Numbing the pain

Photo by Andrzej GdulaEvery so often, I get a persistent pain in my neck.  (Some people probably think of me as a persistent pain in the neck, but that’s another conversation.)  I put up with it for a while, massaging, relaxing, and stretching the offending muscle.  But the relief is usually partial and temporary at best.

Rather than visit my chiropractor every time it happens, I visit the medicine cabinet.  Ibuprofen often does the job, but if not, I’ll break out the naproxen (Aleve) for the next dose, alternating it with acetaminophen–since I know it’s not a good idea to take too many NSAIDs.

My wife is highly reluctant to take any painkillers, and I often hesitate as well, knowing that I don’t want to go too far down the road of medicating away difficulties, when other solutions are available.  But Big Pharma doesn’t want us to think that way, of course, and as a culture we seem happy to oblige.  Annual worldwide sales of acetaminophen and ibuprofen alone are each well over a billion dollars.

Please don’t mistake my meaning.  I’m not about to tout some biblical reason for swearing off pain-relievers (or for that matter, that morning cup of coffee you know you need just to get the day started!).  I know many people who struggle with chronic pain of one kind or another; no doubt you do too.  The medical decisions aren’t easy, and need to be made on a case-by-case basis.

But I can’t help thinking about the easy relationship we have with painkillers when I read this part of the crucifixion story:

And they went out to a place called Golgotha (which means “Place of the Skull”).  The soldiers gave him wine mixed with bitter gall, but when he had tasted it, he refused to drink it.  (Matt 27:33-34, CEB)

There are different schools of thought on what was happening with the wine.  Some take it as yet another childish prank on the part of the soldiers, who pretended to be hospitable, then got a good laugh out of Jesus’ reaction when he tasted the spiked drink.

Others, however, cite a custom mentioned in the Jewish Talmud, in which the condemned were given drugged wine to ease their pain.  On this interpretation, Jesus tasted the wine, and refused it because he could tell it was drugged.  In other words, having been mocked, beaten, and scourged, facing the torture and humiliation of the cross, Jesus turned down something that would have made the ordeal easier.  He wasn’t about to come down from the cross.  But surely, a little help would be welcome?

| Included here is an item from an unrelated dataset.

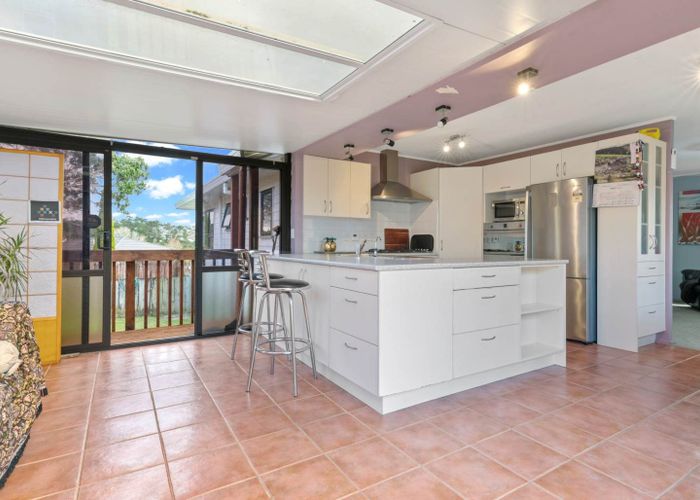  at Wren Place, Sunnynook, North Shore City, Auckland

If he had asked your opinion on the matter, what would you have told him?  Jesus, you’ve suffered enough.  Take the drug.

I’m reminded of Jesus’ anguished prayer in Gethsemane.  He had stared into the black depths of the cup of God’s righteous wrath against sin and seen the horror there.  And having committed himself to do the Father’s will, to drink the cup of suffering that should have been ours, Jesus refused to blunt the pain.

There would be no compromise on the cross.  Jesus understood his mission full well:

Surely he took up our pain and bore our suffering, yet we considered him punished by God, stricken by him, and afflicted.  But he was pierced for our transgressions, he was crushed for our iniquities; the punishment that brought us peace was on him, and by his wounds we are healed.  We all, like sheep, have gone astray, each of us has turned to our own way; and the Lord has laid on him the iniquity of us all.  (Isa 53:4-6, NIV)

I’m still going to take Tylenol for the occasional headache.  But I might think of Jesus as I do.  Any time is a good time to remember what he suffered on my behalf, and to be grateful.